楽園の乙女たち、おもしれー!!

 新人公演『明智小五郎の事件簿―黒蜥蜴』の、いちばんの目玉。すごすぎる!!

 黒トカゲの島で、ビニールめいたカツラをつけて歌い踊る少女たち。同じ衣装、同じ髪型。だけどあきらかに、男も混じってることがわかる、アヤシイ人たち。

 本公演でも微妙なんだが(ビジュアルも、存在自体も)、新公ではさらに愉快なことになっていた。

 前もって出演者をチェックしたりしないわたしが、なにも考えずにオペラグラスをのぞくと、そこに。

 波越警部が、ドレスをひるがえして踊っていた。

 け、警部?! なにやってんですかっ?

 あわててオペラグラスを移動させる。するとどーだ、楽園の乙女たちはついさっき学ランを着ていた男たちと同じ顔をして踊っている。書生たち、なにやってんだ? 刑事も支配人もいる、てゆーか、岩瀬パパも踊ってる!!
 パパ@マメ!! ああ、見たかったマメがこんなところに!!(初日にマメの幻を見たそうですよ)

 顔ぶれのものすごさに悶絶していると、トドメを刺すよーに、謎のオカマ@アーサーが低い声で「つらかった〜〜♪」と呪い歌を歌い出す!!

 つらい。そりゃー、つらいだろう!! その姿、その声で女として生きるのは、無理ありすぎで昭和中期には浮きまくったことだろうよ。
 アーサーくんは期待の歌手なので、たしかに歌はうまい。だが、エンカレのときも書いたよーな気がするが、表現力に乏しいんだ。真面目に歌っていることはわかるが、顔はいつも硬直したまま。
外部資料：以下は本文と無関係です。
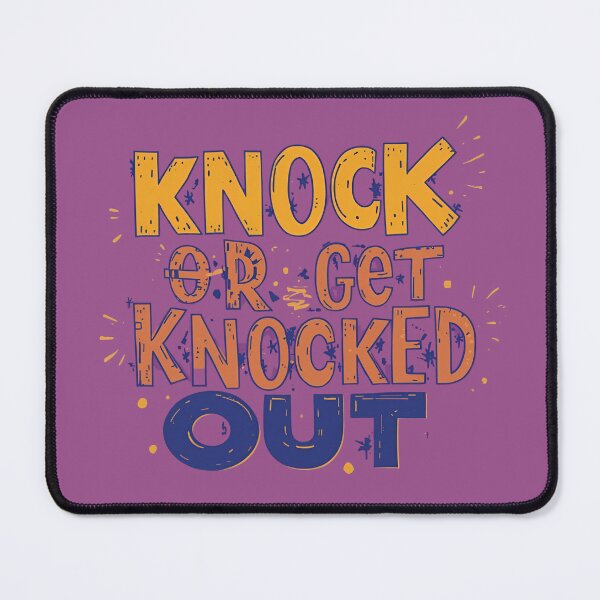 Item preview, Knock or Get Knocked Out funky aesthetic minimalist cool design designed and sold by Baqiah153.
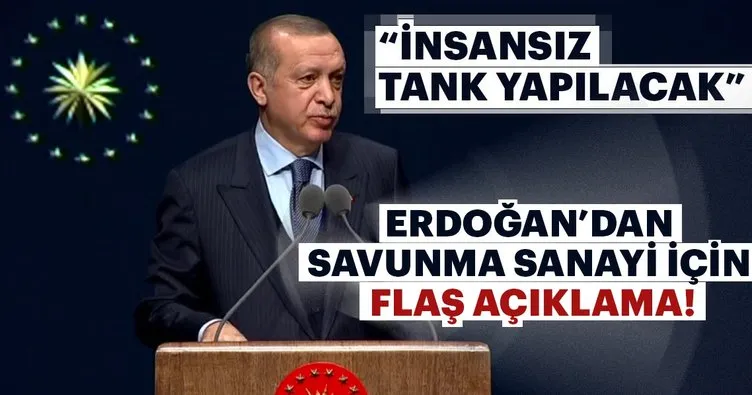 Cumhurbaşkanı Erdoğan’dan savunma sanayi için insansız tank müjdesi!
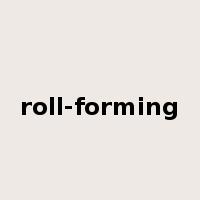 roll-forming是什么意思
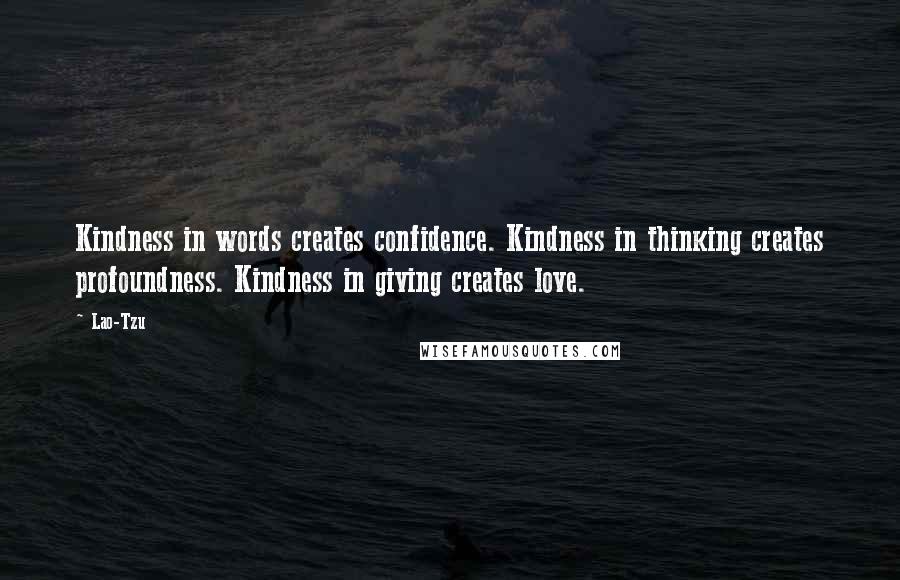 Lao-Tzu Quotes: Kindness in words creates confidence. Kindness in thinking creates profoundness. Kindness in giving creates love.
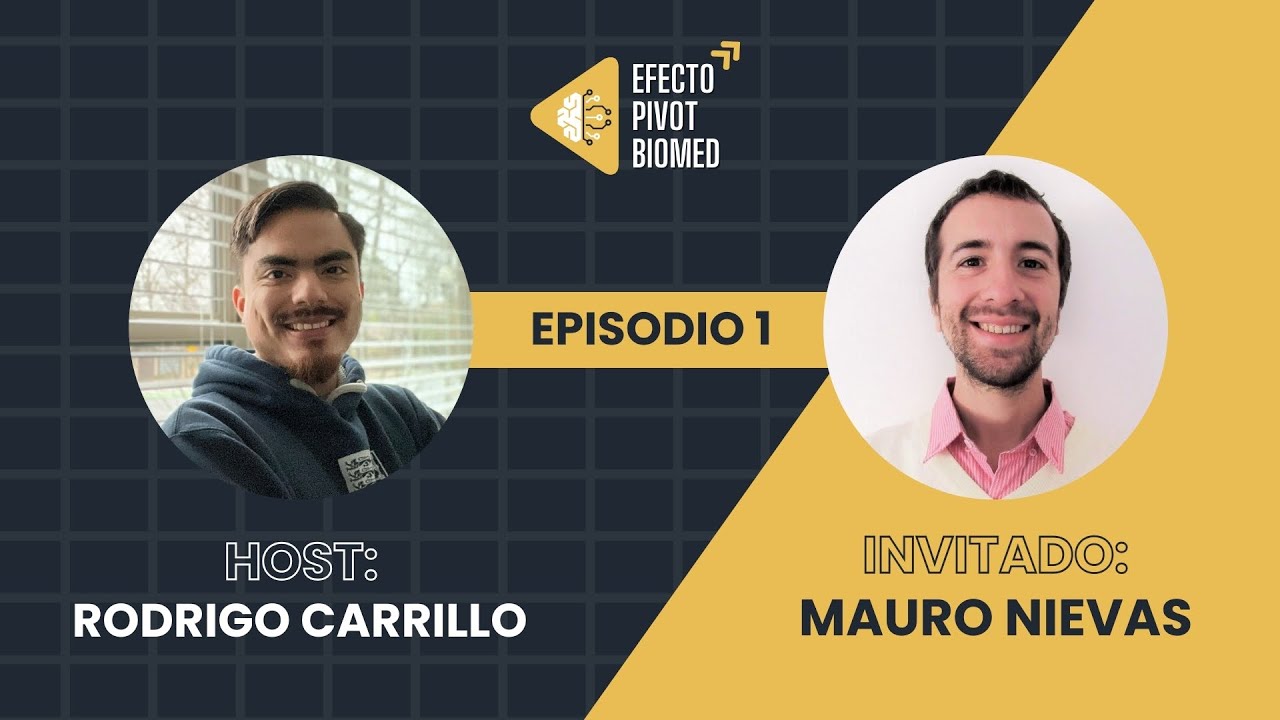 De la medicina a la ciencia de datos | EP1 | Mauro Nievas | Efecto Pivot Biomed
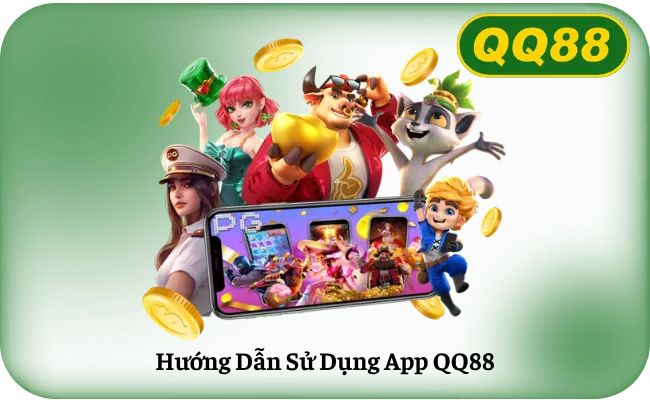 Huong Dan Su Dung App QQ88 Hướng Dẫn Sử Dụng App QQ88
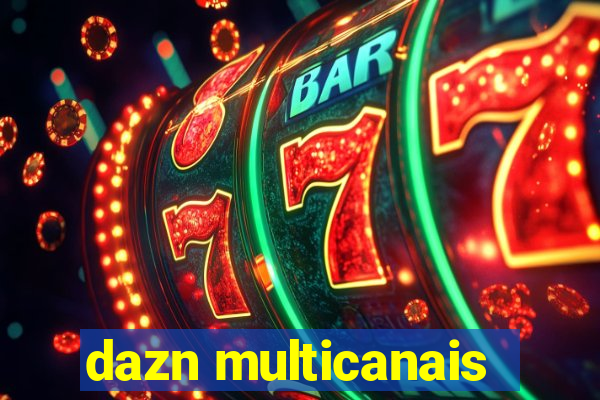 dazn multicanais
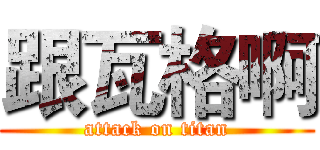 跟瓦格啊 (attack on titan)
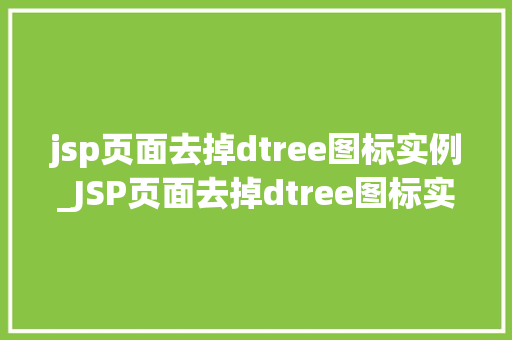 jsp页面去掉dtree图标实例_JSP页面去掉dtree图标实例轻松打造简洁美观的目录树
『TUXEDO JAZZ』で若手トリオでそれぞれソロを歌っていたりするが、ソコでもとっても硬直テイスト。
 そんなアーサーが、能面のまま、呪い歌@姿はオカマ。

 なんなのコレ! なんなのよーー!!

 なんのギャグ?

 もしもコレ、自分ちのテレビで見ていたら、転げ回って爆笑してる。

 本公演で、芽吹幸奈ちゃんのソプラノで刷り込まれているだけに、アーサーのアルトはこわい。
 それも、曲全体のアレンジをきちんとしたわけではなく、ただたんにアーサーのソロパートだけ音程を下げてあるんだよなコレ?
 なんなんだそりゃ。

 なにやってんだ新人公演演出、そんな意味のない、捨て身のギャグをカマさなくても。

 いやあ、声を立てないよーに笑うことに消耗しました。

 や、新公ですから人数の関係で、誰もが自分の役以外をアルバイトでやることは、わかっていますよ。
 わかっていることと、目にすることは別だから。
 人数が必要なのはわかるが、せめて岩瀬パパと警部と刑事はハズしてもよかったんじゃないか? 4人減ったからってどーなるもんでもないだろうし。
 もちろん、マメやかすがやしゅん様の女装が見られたことは、うれしかったんですが(笑)。 

 アーサーさえ、ふつーにソプラノで歌ってくれれば、ここまで破壊力もなかったろーになあ。
 いやあ、侮れないわ、新人公演。

 実際ここでは、キュートなサソリ@由舞ちゃんとかわいー彩音ちゃん、そして何故かやる気満々のだいもんを見ているだけで、終わっちゃったのよ。あああ、マメがっ、もっとマメが見たかったのにっ。だいもんがわたしの視界を奪うー。

 
 楽園で死にそーなほど笑っただけに、黒蜥蜴@ののすみを失って慟哭する明智@まぁくんの脇に所在なげに出てくる波越警部@かすがが、みょーにツボにハマってこまる。

 なにやってんですか警部。
 さっきまで女装して、スカート持って踊ってたくせに、またそんなくたびれたトレンチコート着ちゃってぇ。

 アルバイトと本来の役は別だとわかっていてなお、なんかツボる。
 いいなあ、警部……。
 本役の壮くんとちがって地味なところが、またわたしの脇スキーハートをくすぐるのよ……。
 こんなに地味な人が、『暁のローマ』新公ではカシウス様をやっていたのねええ……しみじみ。

 こんな趣味の悪い「楽園」を愛でる黒蜥蜴の度量の広さに感動。
 いやその、そもそも趣味悪すぎってことだけど。

 楽園の乙女たちだけでも、もう一度見たいなぁ。前方席でひとりずつガン見してぇ。